___ DATASET EXTRACT ___

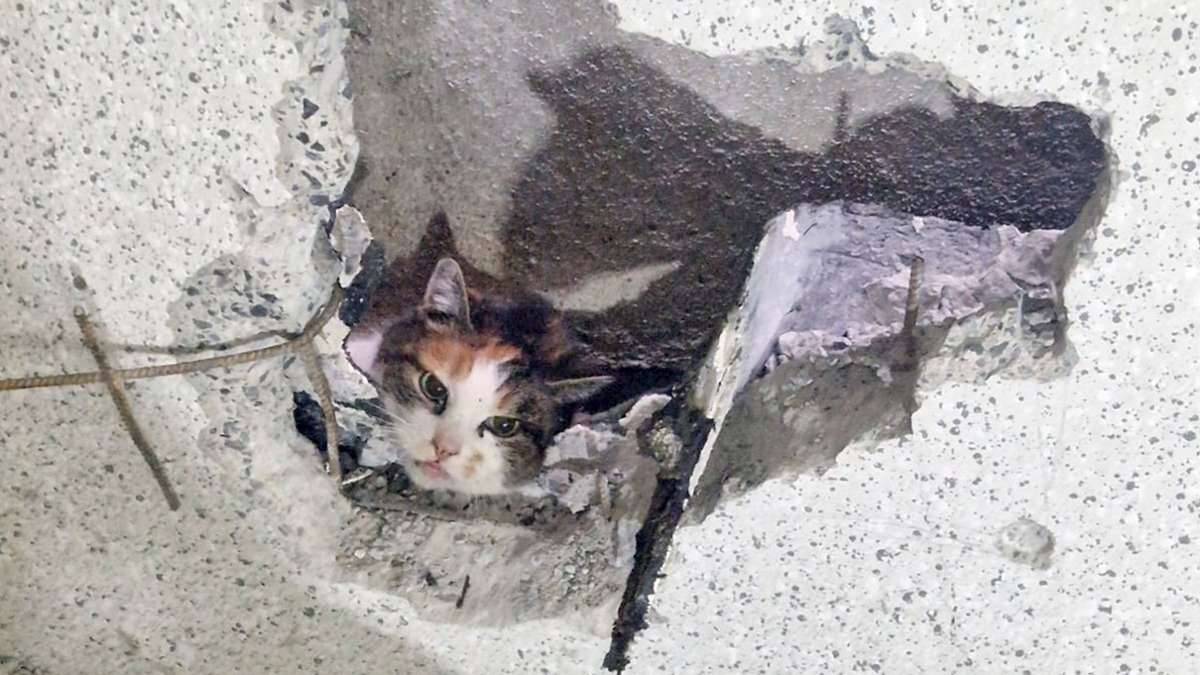 Notfälle: Mit Bohrer: Feuerwehr rettet Katze aus schmalem Spalt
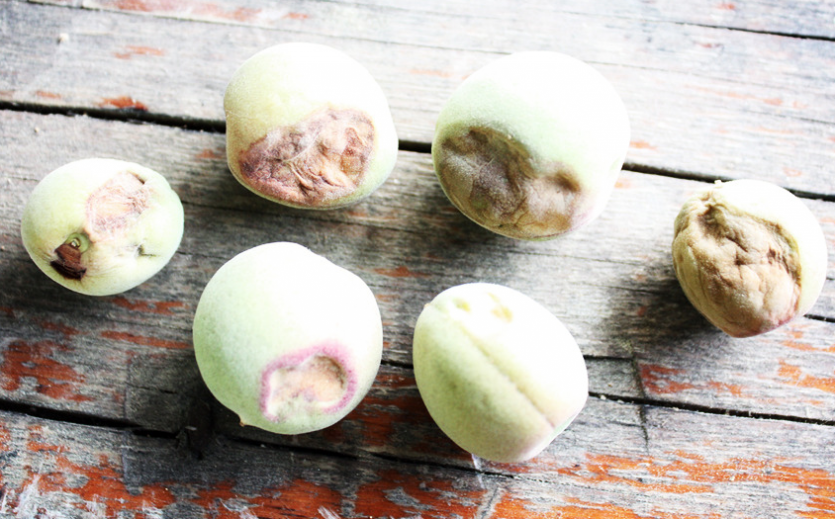 함몰 및 공동 현상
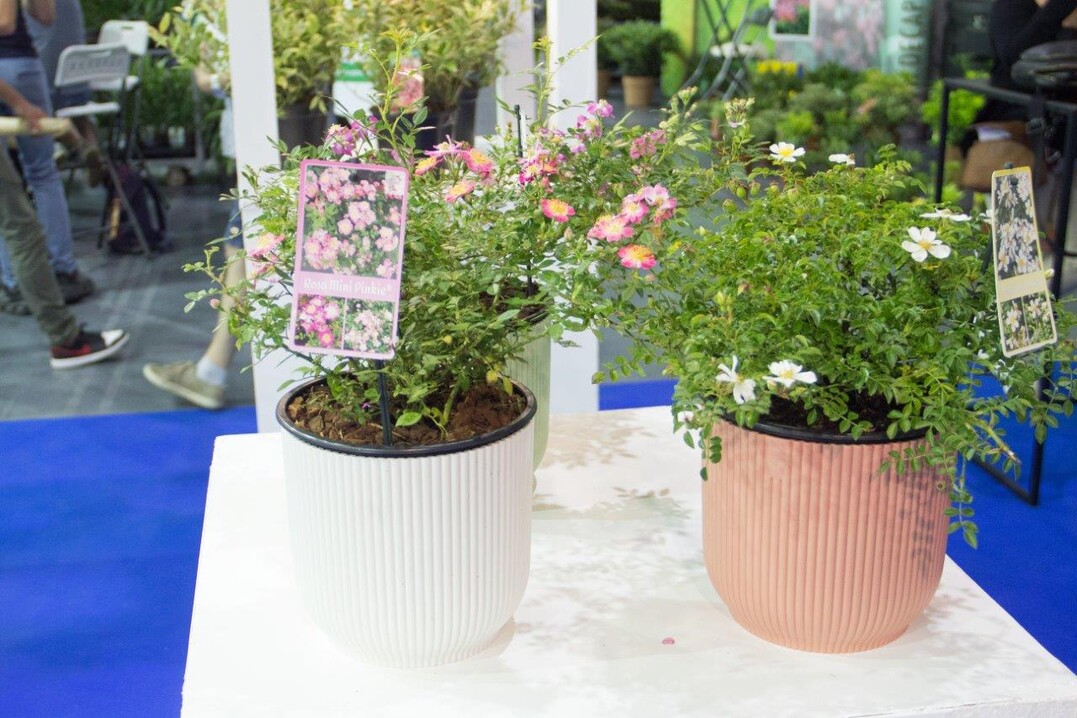 Dieser Bodendecker sieht auf den ersten Blick nicht wie eine Rose aus. Die kleinblumigen Rschen wurden aufgrund ihrer Gesundheit, Klimabestndigkeit, Bltenflle, Benutzerfreundlichkeit und schnen Farben ausgewhlt. Die Jury wrdigte, dass bei diesem Konzept die Verwendung von Rosen als Bodendecker im Vordergrund steht. Diese klimaresistenten Sorten gedeihen auch gut auf der Terrasse, wobei die Hagebutten anschlieend fr einen zustzlichen dekorativen Wert sorgen.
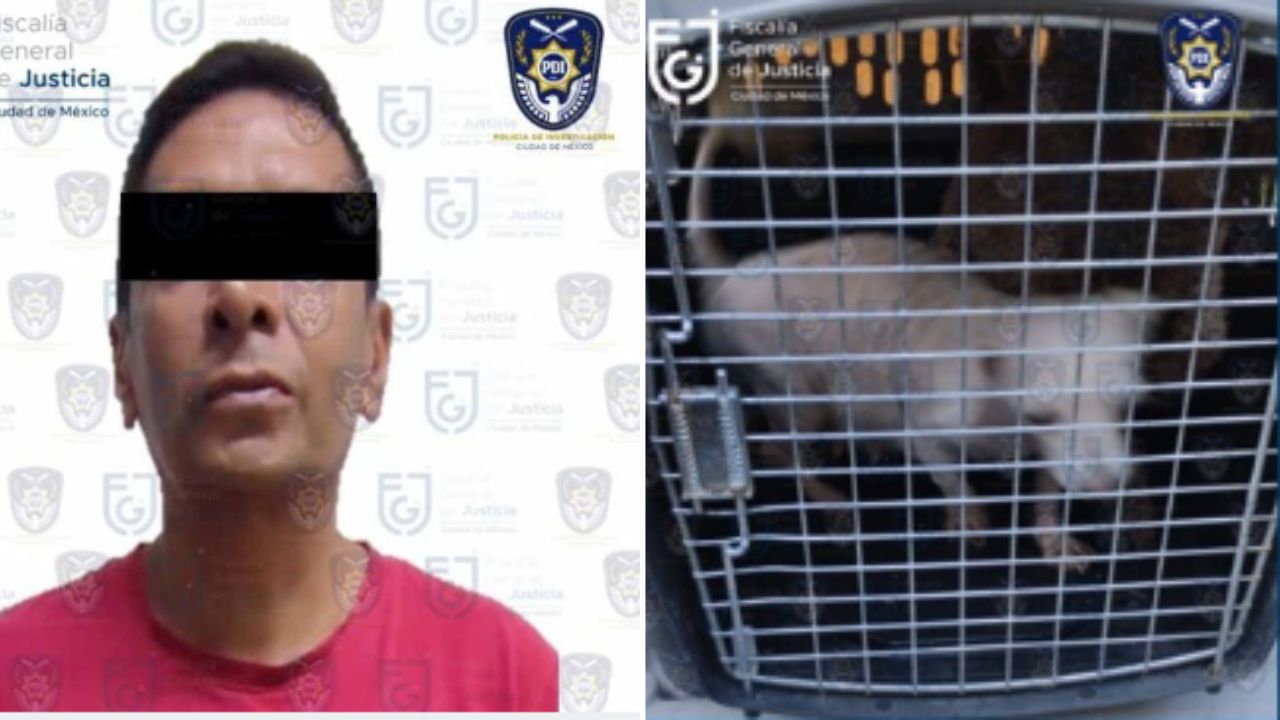 Rescatan-a-6-perritos-de-maltrato-en-la-Alvaro-Obregon-hay-un-detenido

___

_EXERCISE INSTRUCTIONS_
All of the data above needs to be given again exactly. Leave out each image.

_FINAL ANSWER_
 Notfälle: Mit Bohrer: Feuerwehr rettet Katze aus schmalem Spalt
 함몰 및 공동 현상
 Dieser Bodendecker sieht auf den ersten Blick nicht wie eine Rose aus. Die kleinblumigen Rschen wurden aufgrund ihrer Gesundheit, Klimabestndigkeit, Bltenflle, Benutzerfreundlichkeit und schnen Farben ausgewhlt. Die Jury wrdigte, dass bei diesem Konzept die Verwendung von Rosen als Bodendecker im Vordergrund steht. Diese klimaresistenten Sorten gedeihen auch gut auf der Terrasse, wobei die Hagebutten anschlieend fr einen zustzlichen dekorativen Wert sorgen.
 Rescatan-a-6-perritos-de-maltrato-en-la-Alvaro-Obregon-hay-un-detenido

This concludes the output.